Thus, unless you have a good reason (of which, admittedly, there are plenty) to use C or C++, something that holds your hand a bit more might be a reasonable choice for many people out there.
Go is a decent choice, because of a fairly shallow learning curve and not too much complexity, while having good library support and decent platform support.
Rust is a safer choice, but at the expense of needing to spend a non-insignificant amount of time learning the language, even though the compiler is pretty good at being helpful too.
> That said, they're also challenging to use for the "average" (median) developer who'd end up creating code that is error-prone and would probably have memory leaks sooner or later.
Many of the most highly credentialed, veteran C developers have said they can't write secure C code. Food for thought.
> Go is a decent choice, because of a fairly shallow learning curve and not too much complexity, while having good library support and decent platform support. Rust is a safer choice, but at the expense of needing to spend a non-insignificant amount of time learning the language, even though the compiler is pretty good at being helpful too.
Go doesn't have the strongest static guarantees, but it does provide a decent amount of static guarantees while also keeping the iteration cycle to a minimum. Languages like Rust have significantly longer iteration cycles, such that you can very likely ship sooner with Go at similar quality levels (time savings can go into catching bugs, including bugs which Rust's static analysis can't catch, such as race conditions). Moreover, I've had a few experiences where I got so in-the-weeds trying to pacify Rust's borrow-checker that I overlooked relatively straightforward bugs that I almost certainly would've caught in a less-tedious languages--sometimes static analysis can be distracting and in that respect, harm quality (I don't think this a big effect, but it's not something I've seen much discussion about).
There is unsecure code hidden in every project that uses any programming language ;)
I get what you're saying here, you're specifically talking about security vulnerabilities from memory related errors. I honestly wonder how many of these security vulnerabilities are truly issues that never would have come up in a more "secure" language like Java, or if the vulnerabilities would have just surfaced in a different manner.

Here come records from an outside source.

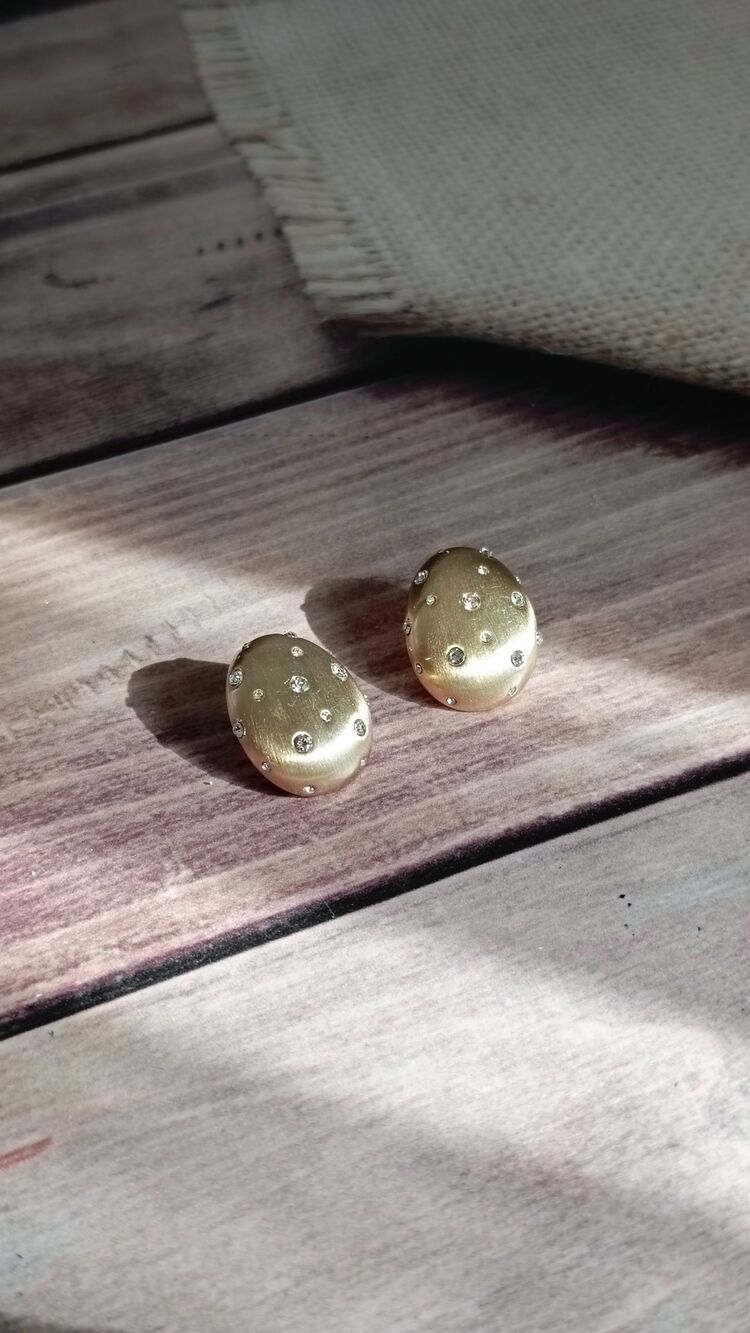 Taş Detaylı Mat Gold Küpe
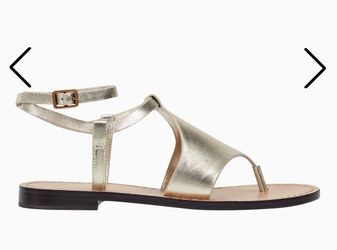 Lille Thong Flat Leather Sandal Platinum Ankle Strap Sandals with Buckle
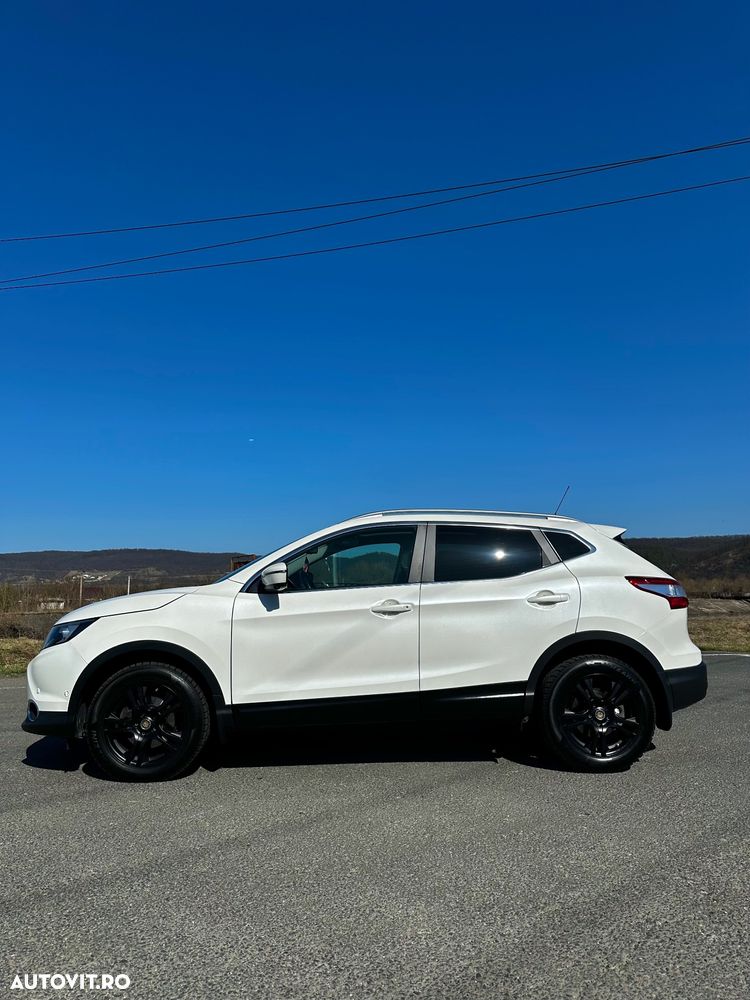 Nissan Qashqai 1.6 DCI Xtronic TEKNA - 4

In other words, we're constantly told C and C++ are unsafe languages they should never be used and blah blah blah. How much of this is because of the fact that C has been around since the 1970s, so its had a lot more time to rack up large apps with security vulnerabilities, whereas most of the new recommended languages to replace C and C++ have been around since the late 90s. In another 20 years will we be saying the same thing about java that people say about C and C++? And will we be telling people to switch to the latest and greatest because Java is "unsafe"? Are these errors due to the language, or is it because we will always have attackers looking for vulnerabilities that will always exist because programmers are fallible and write buggy code?
> In another 20 years will we be saying the same thing about java that people say about C and C++? And will we be telling people to switch to the latest and greatest because Java is "unsafe"?
As long as the vulnerability types that cause trouble in language B are a superset of those that cause trouble in language C, it makes sense to recommend moving from B to C for safety reasons.
This is true even if there is a language A that is even worse and in the absence of language C, we recommended moving from A to B. Code written in A will be worse in expectation than code written in B than code written in C.
> I honestly wonder how many of these security vulnerabilities are truly issues that never would have come up in a more "secure" language like Java, or if the vulnerabilities would have just surfaced in a different manner.
Memory safety vulnerabilities basically boil down to following causes: null pointer dereferences, use-after-free (/dangling stack pointers), uninitialized memory, array out-of-bounds, and type confusion. Now, strictly speaking, in a memory-safe languages, you're guaranteed not to get uncontrollable behavior in any of these cases, but if the result is a thrown exception or panic or similar, your program is still crashing. And I think for your purposes, such a crash isn't meaningfully better than C's well-things-are-going-haywire.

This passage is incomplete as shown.